DESCRIPTION OF THE TASK
The line containing "WB Suggested Anti-PALMD", plus every line that follows it to the end of the listing below, is what you transcribe exactly; omit all pictures.

DATA EXCERPT
╭──
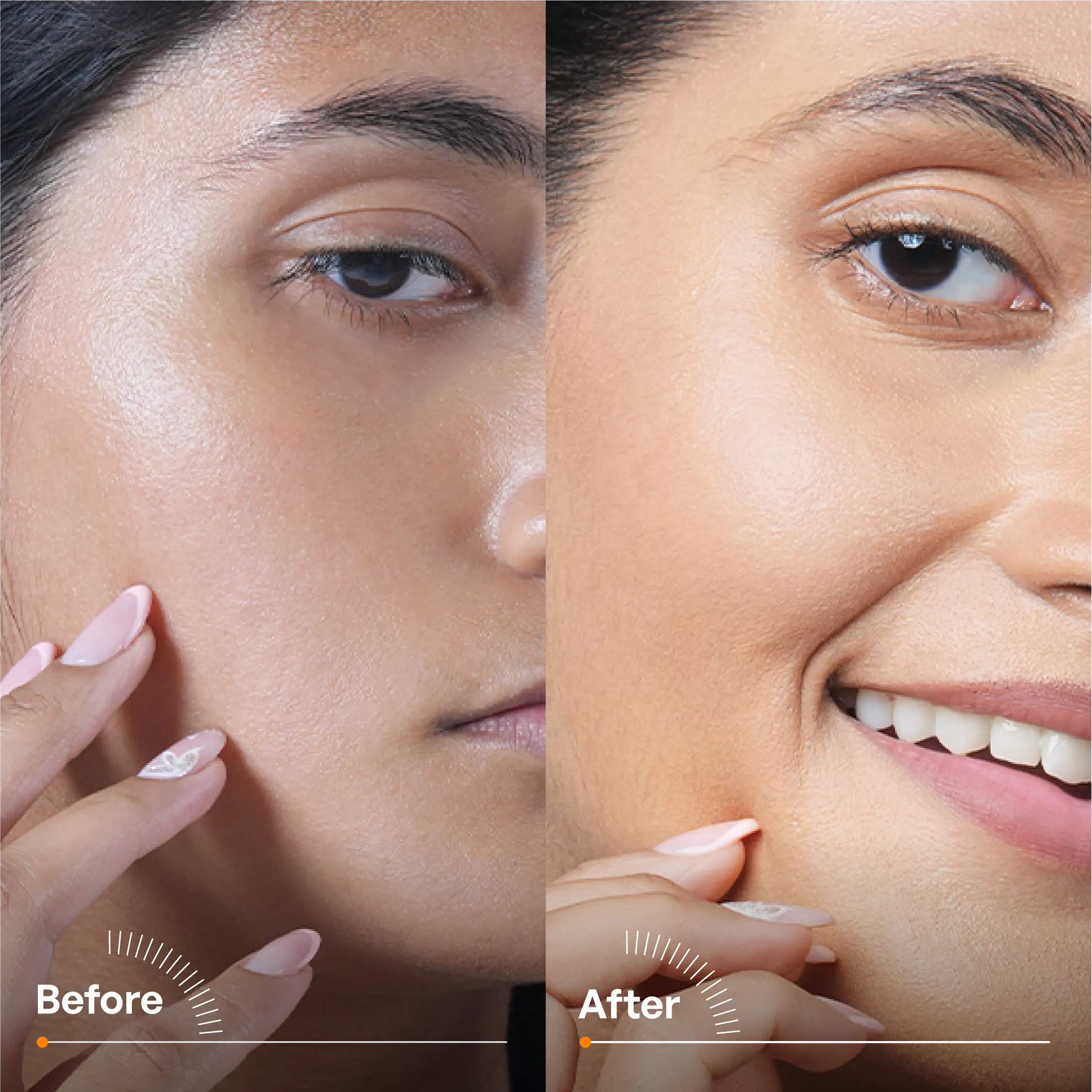 Tan Removal Combo - Image 4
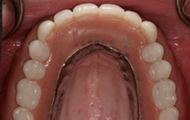 Restores smile and function 4
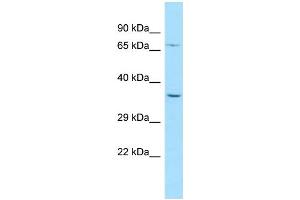 WB Suggested Anti-PALMD Antibody Titration: 1. (PALMD 抗体  (N-Term))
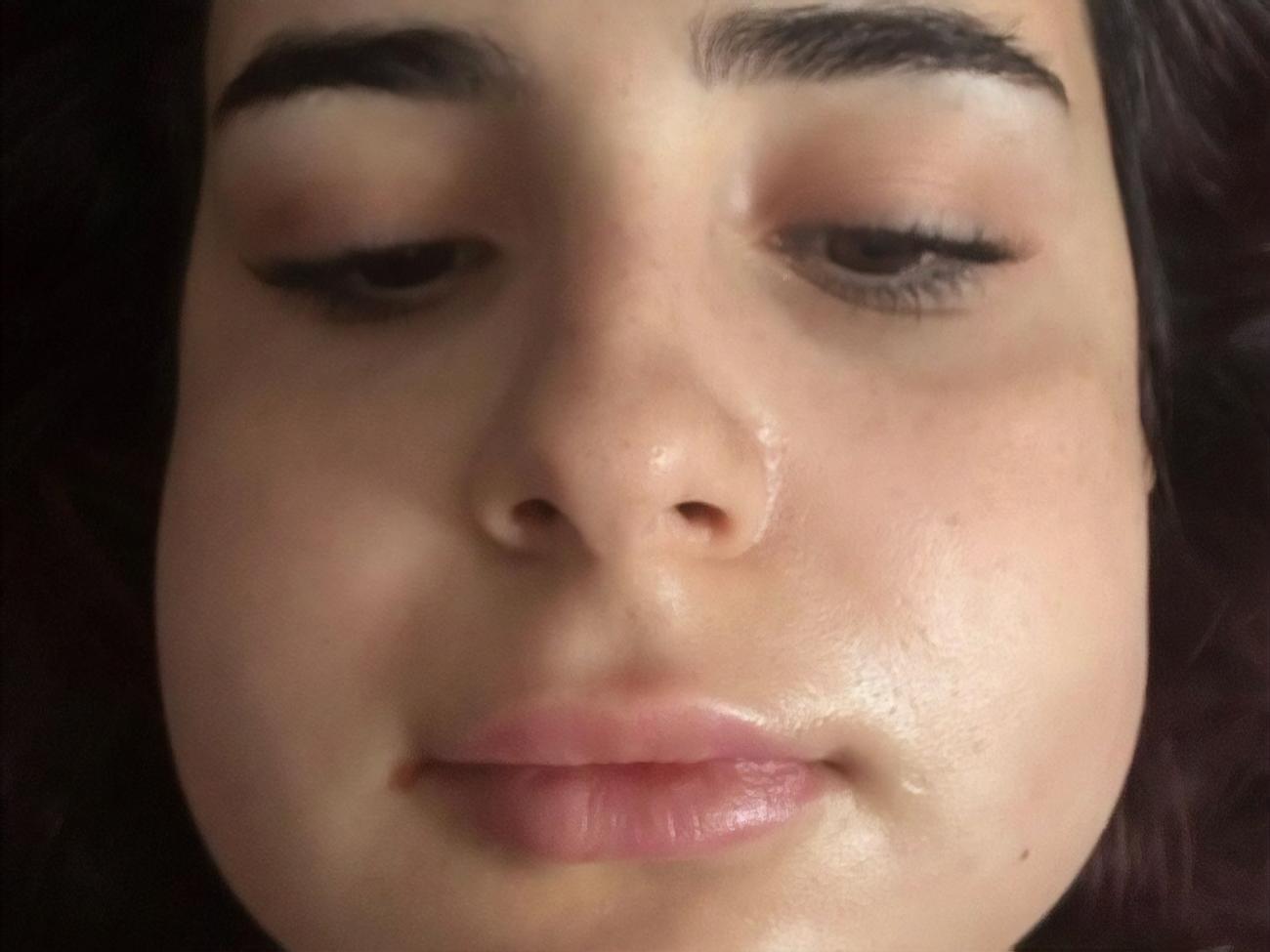 Трінчер: Мд-а-а-а, чесно, я думала, що після мамопластики вирвати зуби для мене буде як очима кліпнути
╰──
SOLVED EXERCISE
 WB Suggested Anti-PALMD Antibody Titration: 1. (PALMD 抗体  (N-Term))
 Трінчер: Мд-а-а-а, чесно, я думала, що після мамопластики вирвати зуби для мене буде як очима кліпнути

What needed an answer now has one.